*Task statement*:
Return each entry word for word. Leave the images out.

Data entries
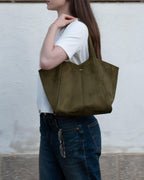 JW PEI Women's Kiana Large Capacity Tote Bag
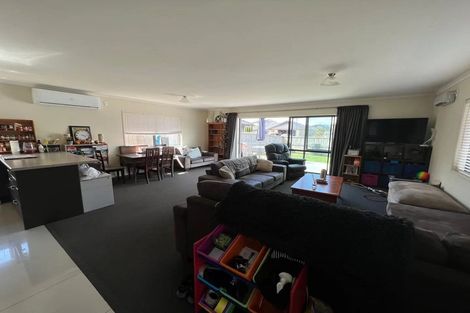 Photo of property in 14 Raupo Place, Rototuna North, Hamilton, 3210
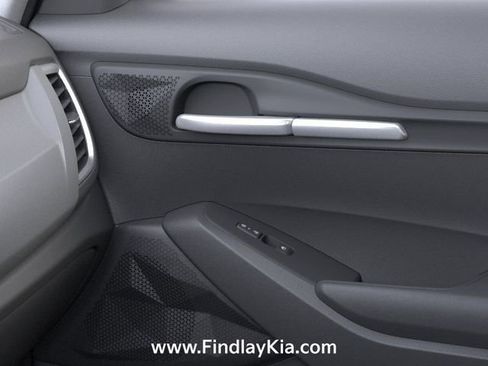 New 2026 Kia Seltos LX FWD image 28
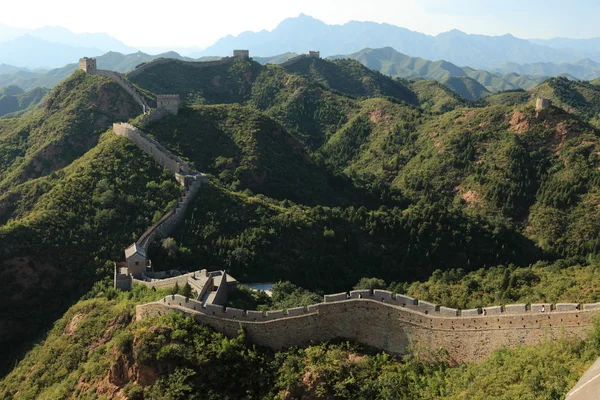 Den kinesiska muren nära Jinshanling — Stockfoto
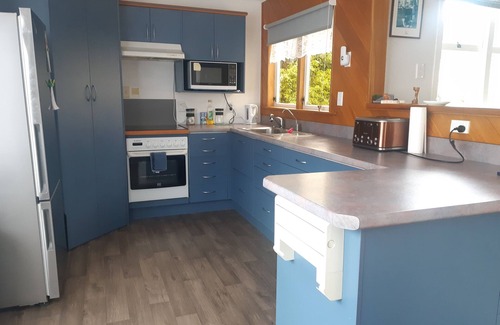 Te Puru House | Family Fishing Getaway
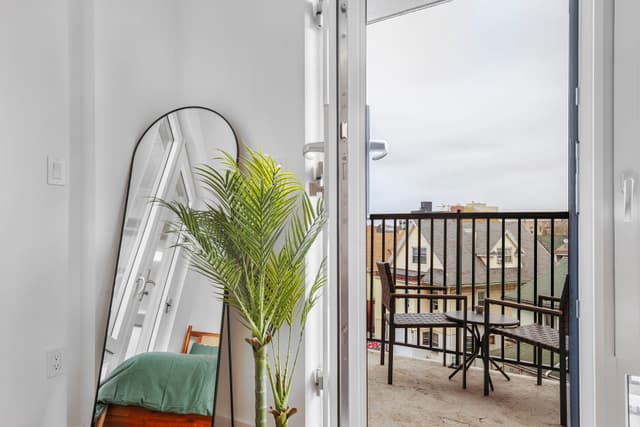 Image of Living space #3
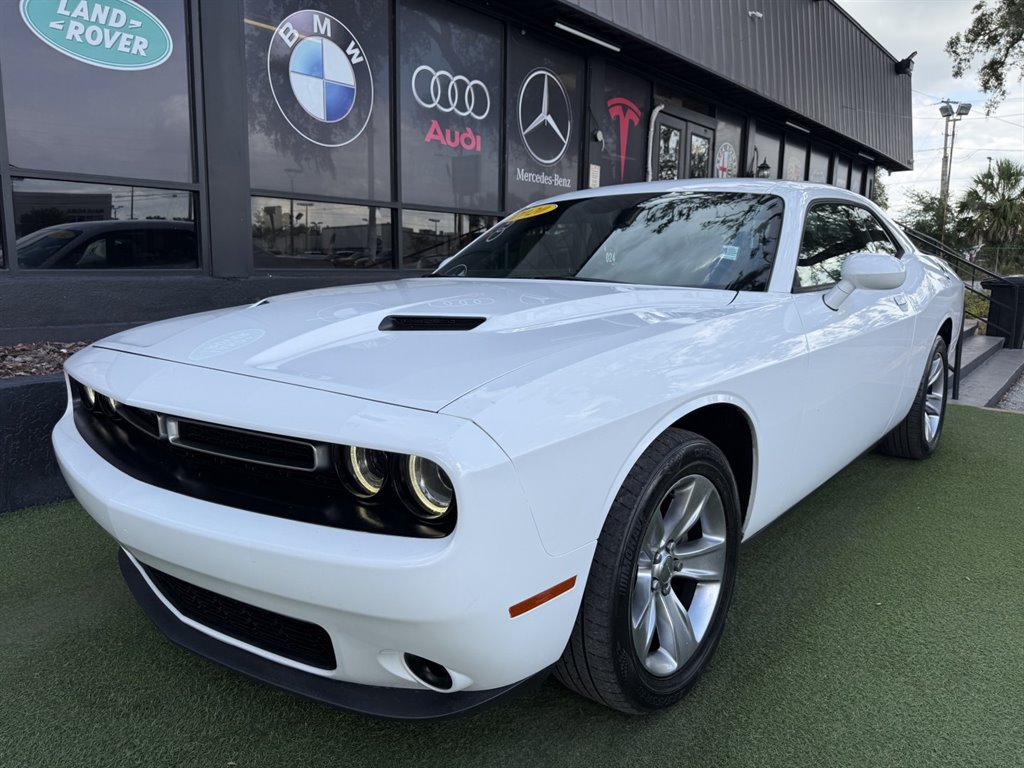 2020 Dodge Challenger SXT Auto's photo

*Output for this exercise*:
 JW PEI Women's Kiana Large Capacity Tote Bag
 Photo of property in 14 Raupo Place, Rototuna North, Hamilton, 3210
 New 2026 Kia Seltos LX FWD image 28
 Den kinesiska muren nära Jinshanling — Stockfoto
 Te Puru House | Family Fishing Getaway
 Image of Living space #3
 2020 Dodge Challenger SXT Auto's photo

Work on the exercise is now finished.